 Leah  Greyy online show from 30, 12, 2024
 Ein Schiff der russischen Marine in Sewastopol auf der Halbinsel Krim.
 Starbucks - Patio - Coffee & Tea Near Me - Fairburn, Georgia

...

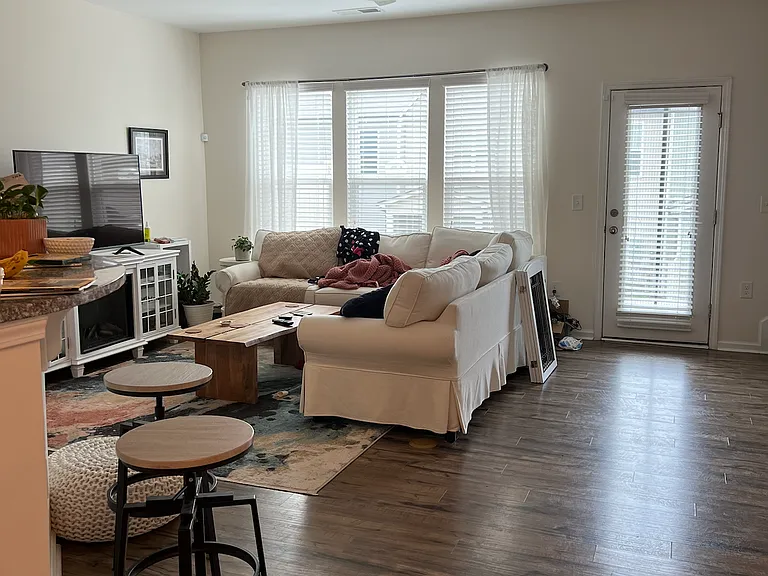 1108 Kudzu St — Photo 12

Exercise brief
Working from the material above, retype exactly the lines from the one with "Ein Schiff der" through the one with "Starbucks - Patio", both included, and only those lines.

Finished task
 Ein Schiff der russischen Marine in Sewastopol auf der Halbinsel Krim.
 Starbucks - Patio - Coffee & Tea Near Me - Fairburn, Georgia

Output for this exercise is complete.